Obviamente as qualidades excepcionais do jurista, que aqui fez sua carreira, facilitaram essa arregimentação que dava conteúdo especial à causa, orgulho de nossa cultura. Quando se vê essa unidade é de perguntar-se se teríamos um temário possível de nossas reivindicações, mormente no que diz respeito às nossas demandas em logística infraestrutural, para incluí-las numa plataforma dentre as muitas que instituições como o Pró-Paraná já formularam e também ações como a da Fiep e Faep na identificação de aspirações nossas de curto, médio e longo prazo. Muitas delas, como as referentes a ferrovias e aos nossos portos e aeroportos, são questões óbvias que independem de questionamento de traço doutrinário e ideológico e em muitos configuram interesses permanentes da sociedade paranaense por sua força agregadora.
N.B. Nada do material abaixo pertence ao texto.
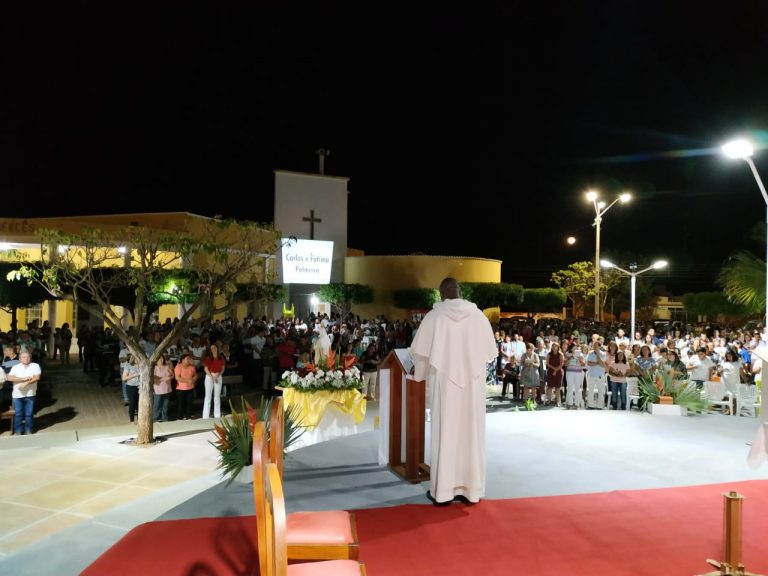 Festa da Padroeira de Nossa Senhora das Mercês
Uma das dificuldades está na fulanização, isto é, na identificação de quem faz determinada proposta: uma delas a do empresário Joel Malucelli relativa à construção de um aeroporto de cargas (o de Afonso Pena é sabidamente deficiente e que obriga inclusive cargueiros a voo baixo na Grande Curitiba) nos Campos Gerais. Essa aspiração já foi de Ponta Grossa que pretendia fazer disso um novo ciclo em sua economia tão criativo quanto aquele que lá implantou um dos maiores parques agroindustriais do País. É claro que a localização apontada não é pacífica já que há pendências de caráter ambiental quanto a efeitos tidos como perversos ao bioma.

Um fórum permanente
O fato é que, a despeito da existência de estudos antigos, de projetos e propostas, volta e meia se declara, isso na política, que elas simplesmente não existem e ainda recentemente no governo Dilma Rousseff vimo-nos olvidados nos programas de transportes que ignoravam o nosso porto e o fato de termos uma linha ferroviária, relativamente moderna, entre Guarapuava e Cascavel. Ali se percebeu a ausência de interlocução entre os governos federal e estadual, embora tivéssemos nada menos que três ministros, dentre eles a Chefe da Casa Civil, Gleisi Hoffmann.
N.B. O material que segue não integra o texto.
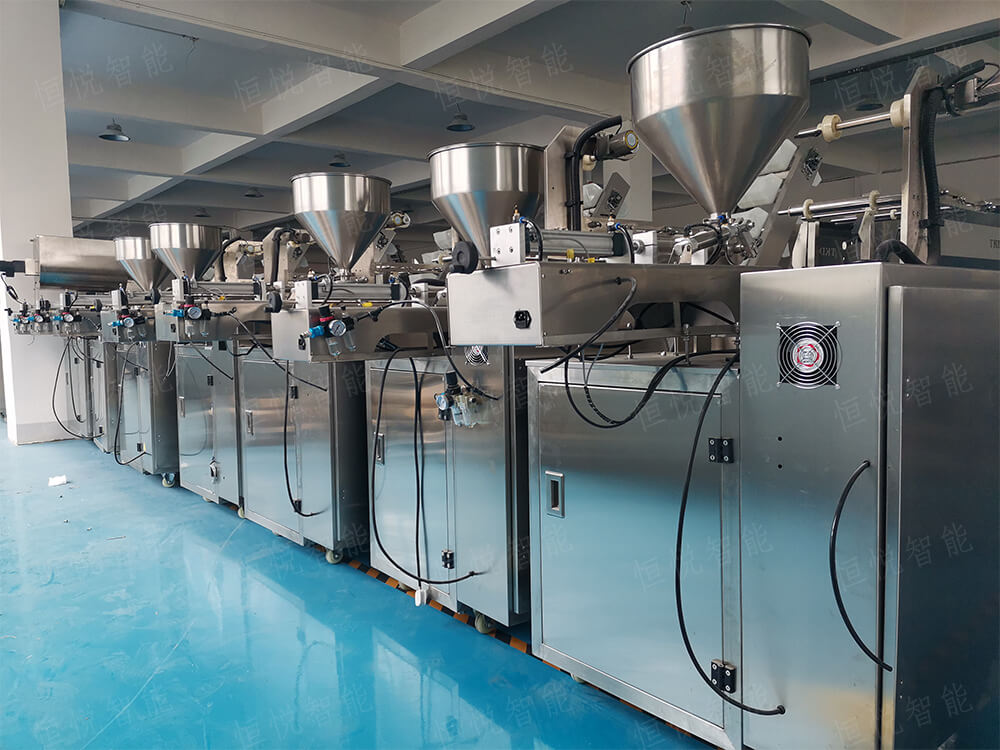 液体食品小型调料包向日葵视频色版下载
Esses fatos reforçam a necessidade de manter de forma permanente um fórum das nossas causas como já o tivemos nos governos Lupion, Munhoz da Rocha, Adolpho Franco e Ney Braga no funcionamento da Coordenação do Pladep, Plano de Desenvolvimento do Paraná que devíamos, aquele tempo, à figura exponencial do coronel Alípio Ayres de Carvalho, o genuíno introdutor do planejamento em nossas rotinas, tanto na prefeitura da Capital em que lançou os fundamentos do sistema de transportes coletivos como no Estado em relação às técnicas de prever para prover.
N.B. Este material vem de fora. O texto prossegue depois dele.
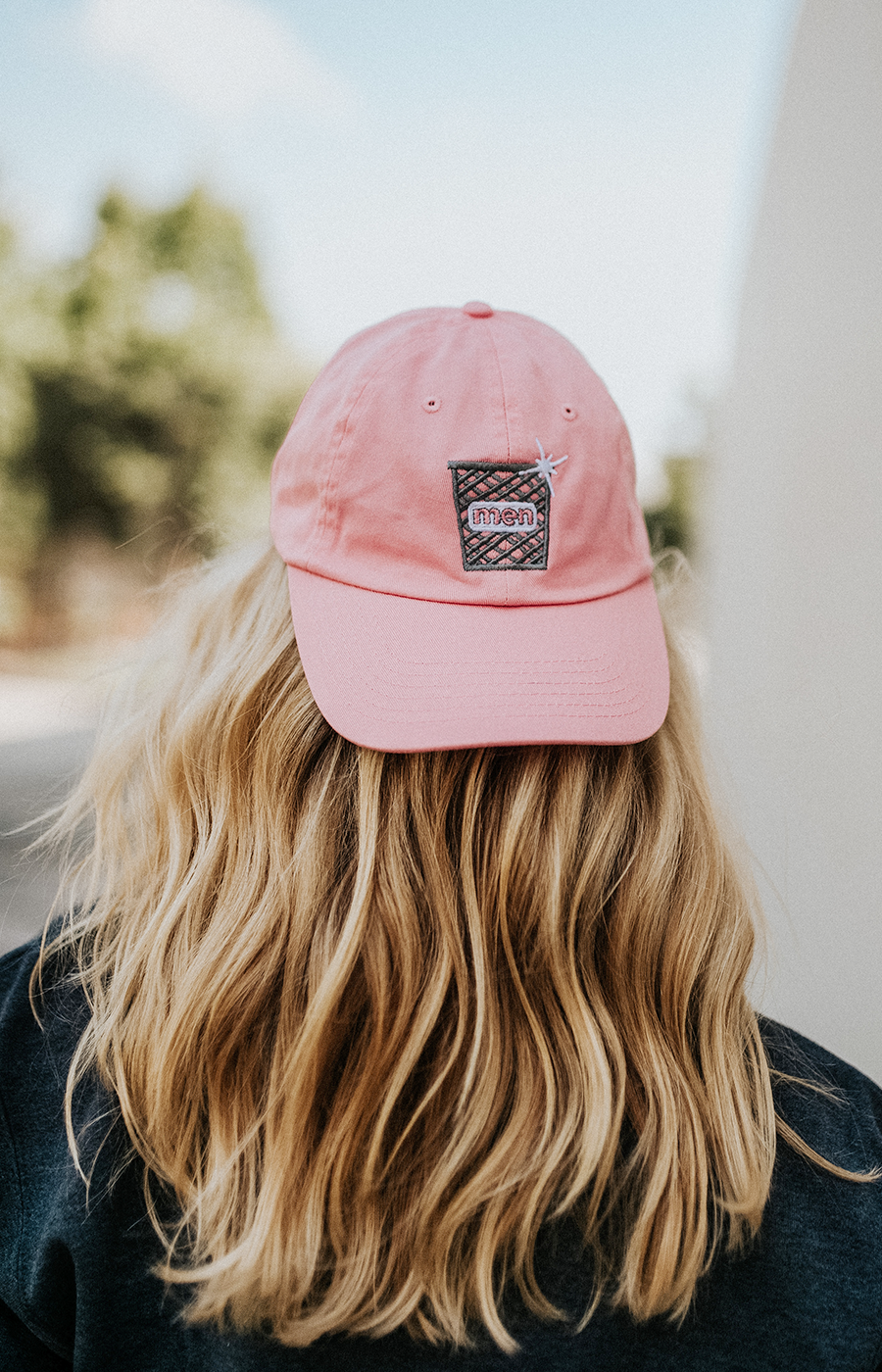 Trash Dad Hat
É evidente que isso tudo ganhou sentido no governo Ney Braga quando houve uma revolução com a criação da Companhia de Desenvolvimento Econômico do Paraná, mais tarde Badep, financiando prioritariamente a infraestrutura e num segundo momento o desenvolvimento dos vários segmentos da economia.

Massa crítica
Não temos hoje a massa crítica (estudos específicos nas várias dependências públicas, quadros técnicos e perdemos as rotinas que os sustentavam) daqueles anos que nos permitiu, por exemplo, disputar com o Rio Grande do Sul o terceiro polo petroquímicos do País e com o melhor dos estudos graças à "inteligentzia" que então dispúnhamos, embora perdendo politicamente para os gaúchos com o fundamento da refinaria Alberto Pasqualini. Como compensação nos concederam uma unidade de amônia e ureia e a operação do porto de Paranaguá para complementar à de São Francisco em Santa Catarina. Havia estudos, retaguarda técnica. Hoje com o Estado se tornando leigo em planejamento, como tem acontecido, entidades de classe assumem esse papel intransferível.